On the Facebook page for Phantom Fireworks, which has locations nationwide, one fan alerts shoppers who want to cross from Pennsylvania into New Jersey or New York: "Watch out for police outside these stores ... they will follow you straight to the border and pull you over."
Retailers, law enforcement on alert
Besides trying to catch those attempting to skirt state laws, law enforcement officials may put extra scrutiny on fireworks buyers this year for another reason. An advisory from the National Explosives Task Force issued last week warns sellers that consumer fireworks area a "common component used in improvised explosive devices," USA Today reports. The notice comes in the wake of the April bombings at the Boston Marathon, for which the alleged bombers are accused of purchasing explosive powder from a fireworks store.
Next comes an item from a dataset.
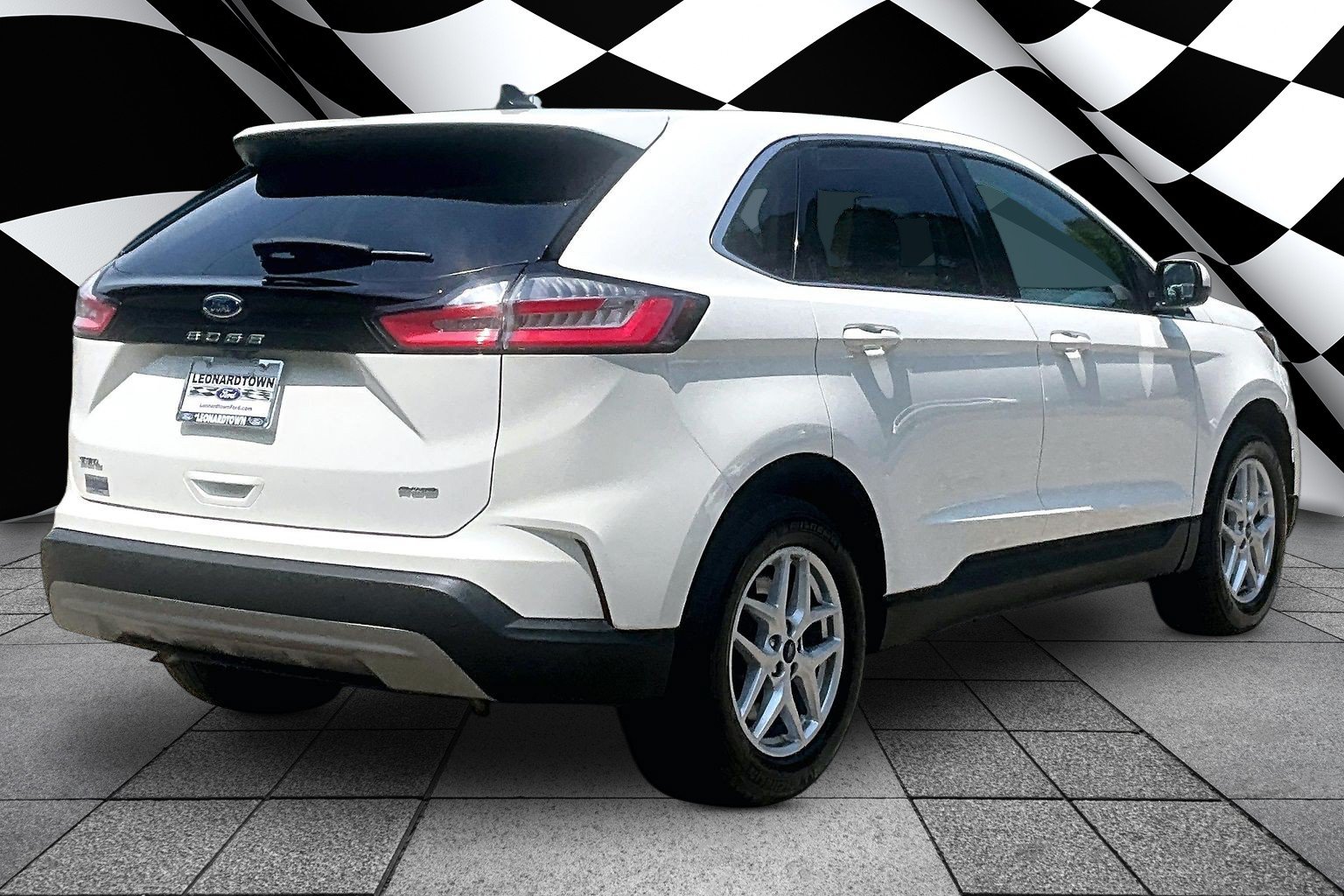 Certified 2022 Ford Edge SEL w/ Convenience Package AWD/4WD image 2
Federal authorities are advising retailers to watch out for suspicious activity like customers who ask about taking apart or modifying fireworks, according to USA Today.
Between June 22 and July 22 last year, more than 5,000 people were treated in emergency rooms nationwide for fireworks-related injuries, according to the Consumer Product Safety Commission. Most of those injuries involved malfunctioning devices or improper use.
Whether you're using sparklers at home or vacationing in an area where you can shoot off more powerful fireworks, here's how to avoid spending the Fourth of July in the ER, according to the National Council on Fireworks Safety:
- Only use fireworks outsdoors.
- Keep water nearby.
- Don't let young children handle fireworks, and closely supervise teenagers who are using them.
- Wear safety glasses.
- Don't drink alcohol if you are handling fireworks.
- Don't re-light a "dud." Wait 20 minutes, then soak the non-working firework in water.
- Avoid homemade fireworks.
- Soak used fireworks in water before putting them in a garbage can.
- Never throw sparklers.
- Only light one sparkler at a time.